Affiche Corpo celeste
Réalisé par Alice Rohrwacher
Pays de production Italie, France, Suisse
Année 2011
Durée
Genre Drame
Distributeur Ad Vitam
Acteurs Anita Caprioli, Yle Vianello, Salvatore Cantalupo, Pasqualina Scuncia, Renato Carpentieri
Age légal 12 ans
Age suggéré 16 ans
N° cinéfeuilles 637
Bande annonce (Allociné)

Critique

«Que veut dire Eli, Eli, lama sabachthani?», demande Marta au vieux prêtre. «C’est un cri, c’est Jésus qui hurle, mon Dieu, pourquoi m’as-tu abandonné?» Ce cri résonne en Marta qui scrute sa ville natale de Calabre, où elle vient tout juste de rentrer avec sa mère et sa sœur, après avoir grandi en Suisse. Tourmentée, les yeux brillants, elle observe la ville du haut de ses 13 ans, elle prête attention à ses sons et à ses odeurs, mais elle continue à se sentir comme une étrangère dans cette Italie du Sud dévastée.

Marta a maintenant l’âge de faire sa confirmation et le catéchisme est le meilleur endroit, pense sa mère, pour tenter de s’intégrer. Mais loin de ses rêves «célestes», elle ne fait qu’y découvrir les petits arrangements de la communauté catholique locale, à la morale de laquelle elle va être confrontée. De l’expérience des menstrues à la décision courageuse de se couper les cheveux, Marta commence pour la première fois depuis son retour en Italie à construire sa propre vie.

A côté de la quête existentielle et spirituelle de cette fille si attachante, l’intérêt de ce film tient aussi aux propos et à l’attitude de deux prêtres aux théologies presque opposées, lesquelles vont profondément interpeller la jeune fille. Marta comprend aussi qu’il n’est pas nécessaire de partir très loin puisque le Corps céleste, le monde au-dessus, est déjà là où nous sommes.



Georges Blanc





Alice Rohrwacher, née en Toscane, est diplômée de littérature et de philosophie de l’Université de Turin. CORPO CELESTE est son premier long métrage. Regard sur la fin de l’enfance, regard sur une Italie dévastée, cette œuvre est assez sensible pour ne pas accuser la tristesse dont elle rend compte, sans l’ouvrir sur des perspectives plus réconfortantes.

A 13 ans, Marta (Yle Vianello) a passé presque toute sa vie en Suisse.
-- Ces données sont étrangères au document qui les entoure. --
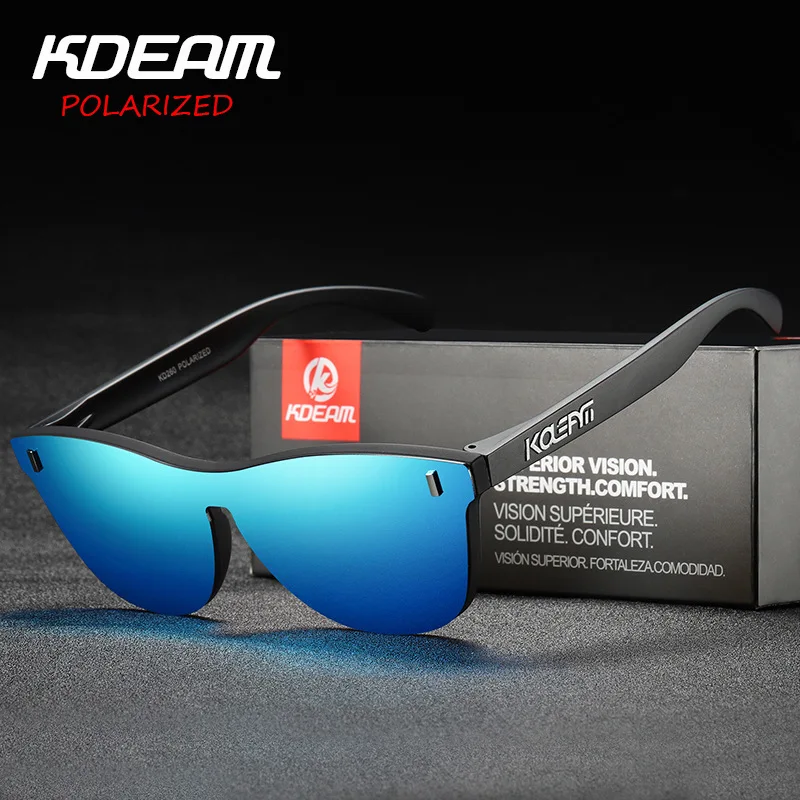 

KDEAM Brand Desgin Polarized Men Sunglasses TR90 Ultralight Frame Rimless Sun Glasses Travel Male Shades Woman gafas de sol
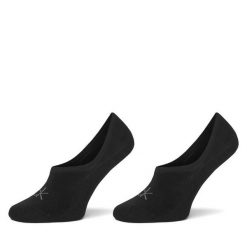 Stopki Calvin Klein. Czarne skarpetki Calvin Klein, bez wzorów. Za 49.99 zł.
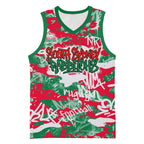 South Sydney Rabbitohs Rugby Basketball Jersey Graffiti Typography Urban Camo Abstract Street Style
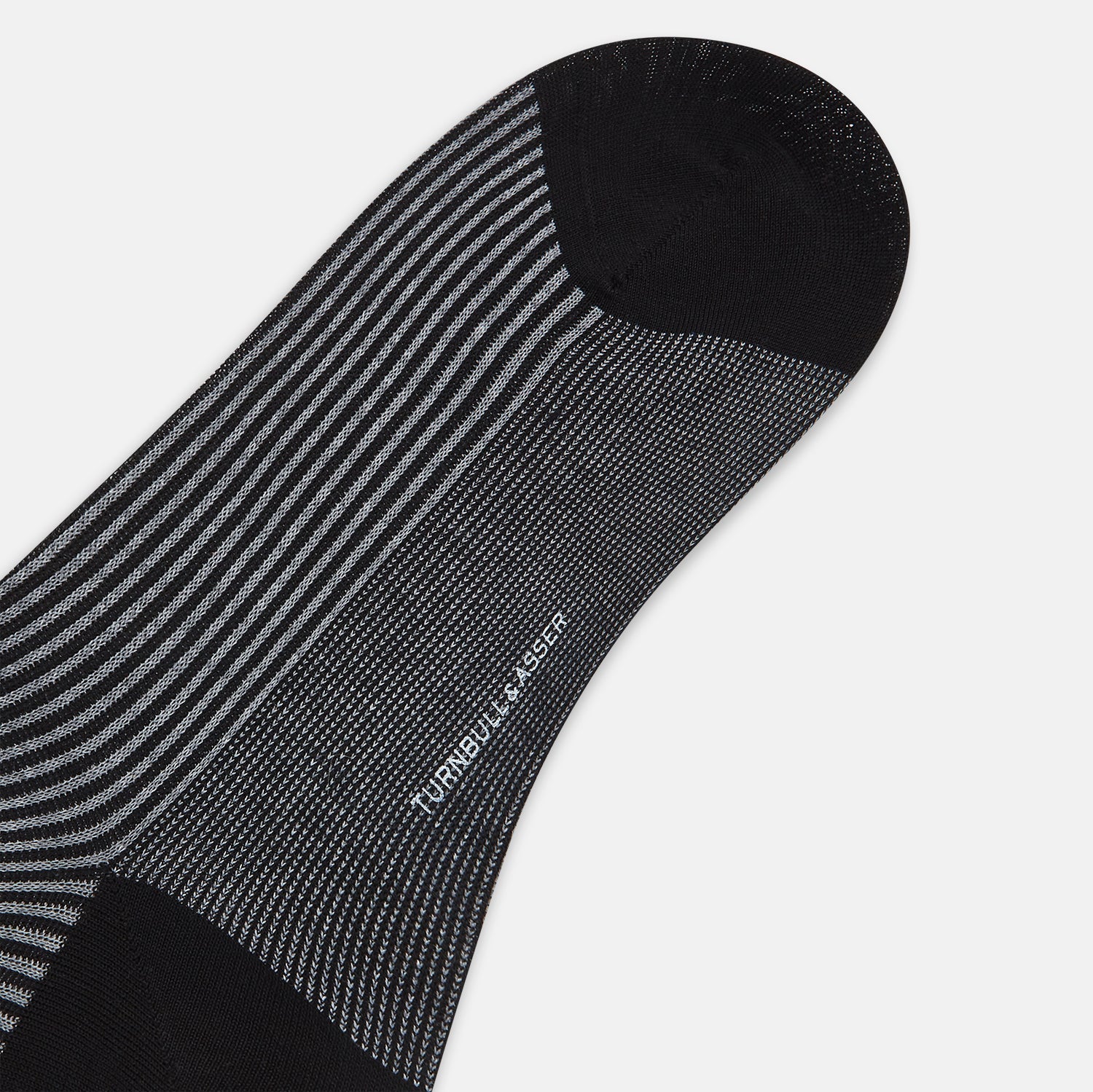View 3 of product Charcoal Striped Mid-Length Socks 13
Or, voilà qu’elle revient dans sa ville natale qu’elle ne connaît pas, avec sa mère et sa sœur aînée. Tout est différent dans ce quartier de Reggio di Calabria qui, vu du toit d’un immeuble, ressemble à un amas de constructions sans âme, déchiré par la cicatrice d’une rivière asséchée servant de décharge publique. L’adolescente doit prendre pied toute seule dans ce nouveau monde, mais aussi dans sa puberté qui s’annonce; sa mère travaille la nuit et sa sœur est trop âgée pour la comprendre. Suivre la préparation à la Confirmation lui donnera l’occasion de se faire des amis. Mais elle s’accroche surtout au texte de la cérémonie, cherchant à en percer le sens.

La réalisatrice peint la solitude de Marta, mais pas seulement. Toute la communauté, resserrée autour de son curé, le Père Mario (Salvatore Cantalupo), semble être une juxtaposition de personnes isolées; chacune fait consciencieusement son devoir, œuvrant sous le signe des rites et des habitudes. Le catéchisme est imposé aux enfants sans explication ni pédagogie. Le prêtre, mal dans sa peau, rêve d’une carrière, ailleurs… Venue de Suisse, Marta dérange avec ses questions.

Dans son champ filmé aux antipodes de l’esthétisme, Alice Rohrwacher pose la fragilité des êtres, leurs tentatives maladroites de surnager. Comme cette volonté de modernisation de la paroisse qui joue du rap pour attirer les jeunes, mais se montre incapable de revisiter son conformisme et de donner un contenu à son rituel. Finalement, tout se jouera entre les trois personnes les plus solitaires du film, Marta, le Père Mario et le vieux prêtre d’un village abandonné qui, lui, n’hésite pas à parler vrai, ouvrant à l’adolescente une nouvelle piste de réflexion.

Cette séquence-là est trop brève en regard du reste. Pourtant, c’est elle qui délie le récit du lieu bétonné - physiquement, socialement et mentalement - dans lequel il a installé Marta, étonnante Yle Vianello qui donne à son personnage une émouvante réalité.